An Estrogen Receptor b-Selective Agonist Inhibits Non-Alcoholic Steatohepatitis (NASH) in Preclinical Models by Regulating Bile Acid and Xenobiotic Receptors

Suriyan Ponnusamy, Quynh Tran, Thirumagal Thiyagarajan, Duane Miller, and Ramesh Narayanan

Experimental Biology and Medicine 2017. 242: 606-616.

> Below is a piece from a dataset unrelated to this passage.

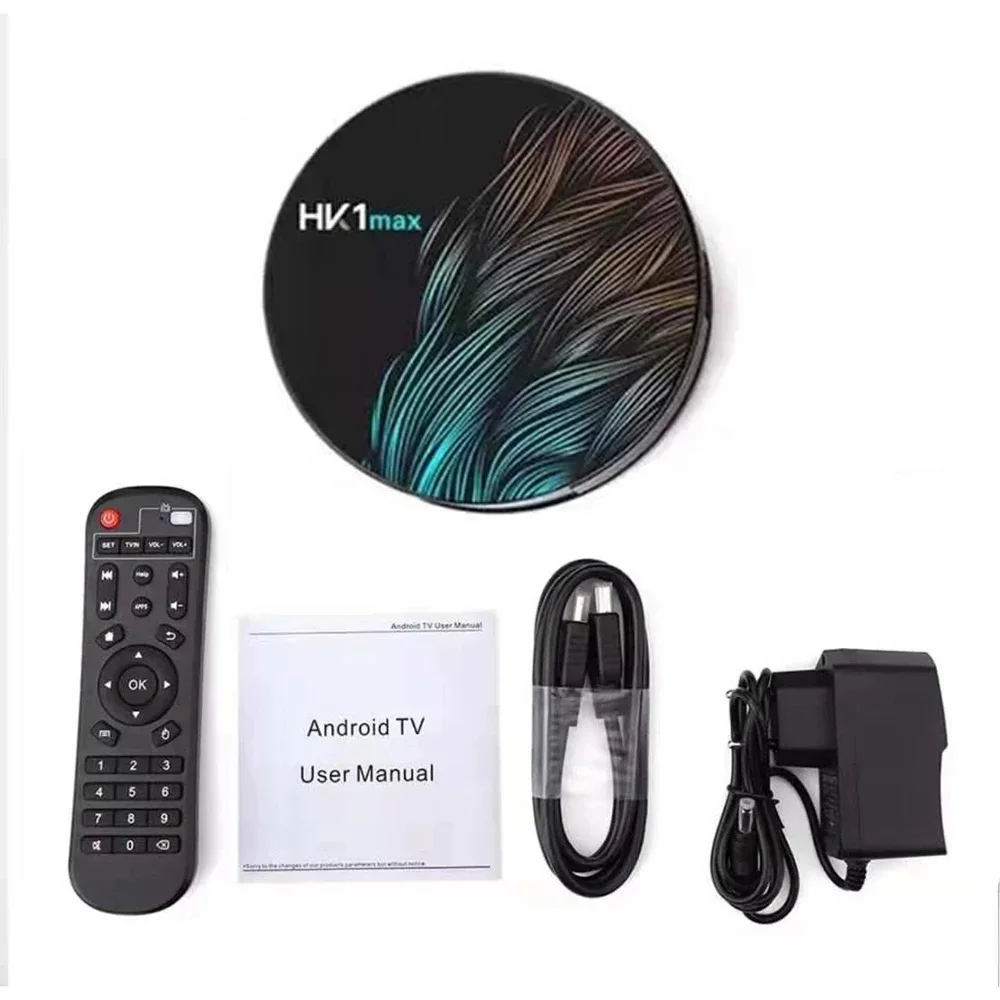 

HK1MAX Android 9.0 Smart TV Box Quad Core 2.4G/5G Wifi BT 4.0 DDR3 4K HDR Media Player VS X96 HK1 MAX MINI Set Top Box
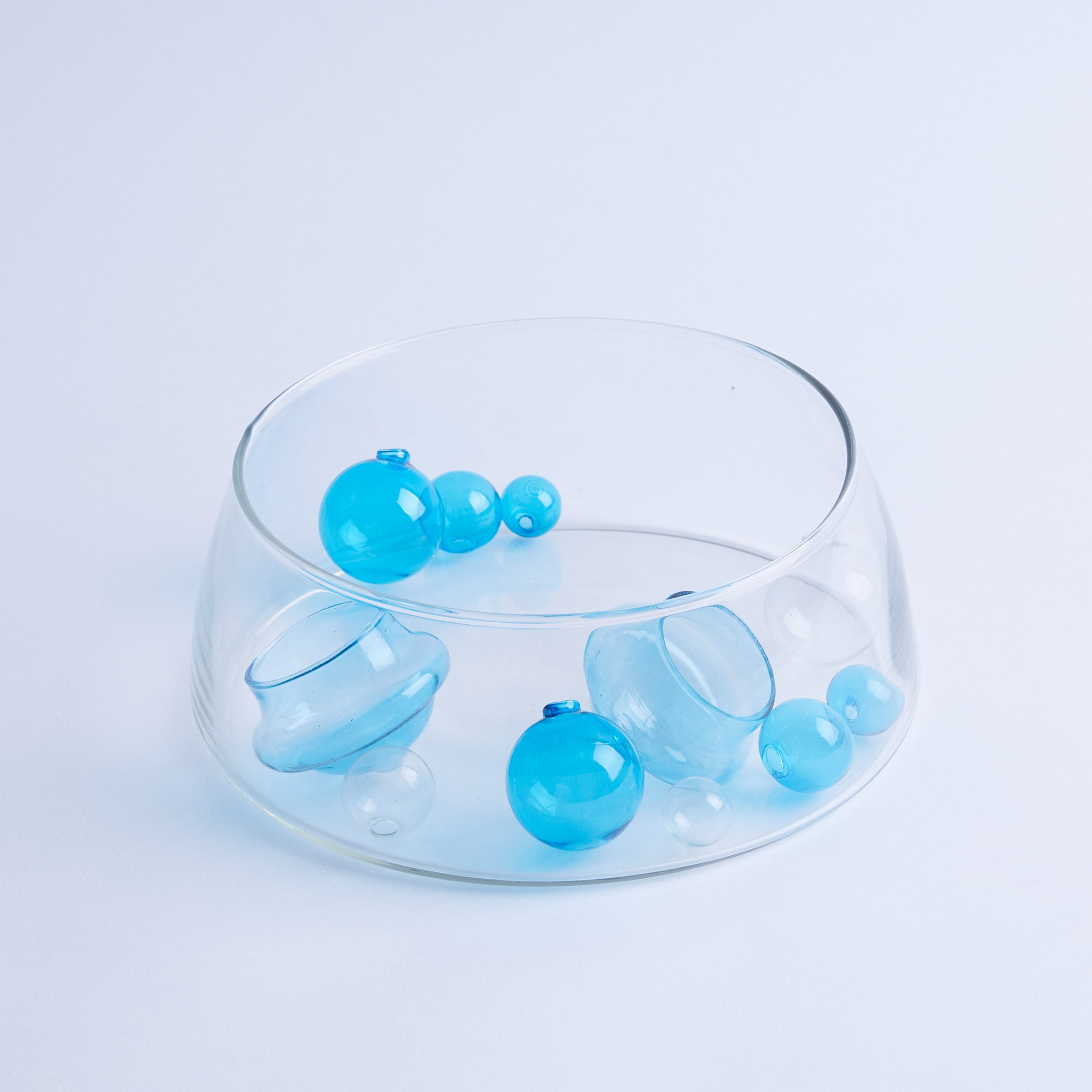 طقم حوامل شموع صغيرة طافية 10 قطع من جالاكسي مع كور ملوّنة-hbxlivingroom-decorandaccessories-candleholders-image-5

Non-alcoholic steatohepatitis (NASH) affects 8-10 million people in the US and up to 75% of obese individuals. Despite this, there are no approved oral therapeutics to treat NASH and therefore the need for novel approaches exists. The estrogen receptor β (ER-β)-selective agonist, β-LGND2, inhibits body weight and white adipose tissue, and increases metabolism, resulting in higher energy expenditure and thermogenesis. Due to favorable effects of β-LGND2 on obesity, we hypothesized that β-LGND2 will prevent NASH directly by reducing lipid accumulation in the liver or indirectly by favorably changing body composition. Male C57BL/6 mice fed with high fat diet (HFD) for 10 weeks or methionine choline-deficient diet for four weeks and treated with vehicle exhibited altered liver weights by twofold and increased serum transaminases by 2-6-folds. These changes were not observed in β-LGND2-treated animals. Infiltration of inflammatory cells and collagen deposits, an indication of fibrosis, were observed in the liver of mice fed with HFD for 10 weeks, which were effectively blocked by β-LGND2. Gene expression studies in the liver indicate that pregnane X receptor target genes were significantly increased by HFD, and the increase was inhibited by β-LGND2. On the other hand, metabolomics indicate that bile acid metabolites were significantly increased by β-LGND2. These studies demonstrate that an ER-β agonist might provide therapeutic benefits in NASH by directly modulating the function of xenobiotic and bile acid receptors in the liver, which have important functions in the liver, and indirectly, as demonstrated before, by inhibiting adiposity.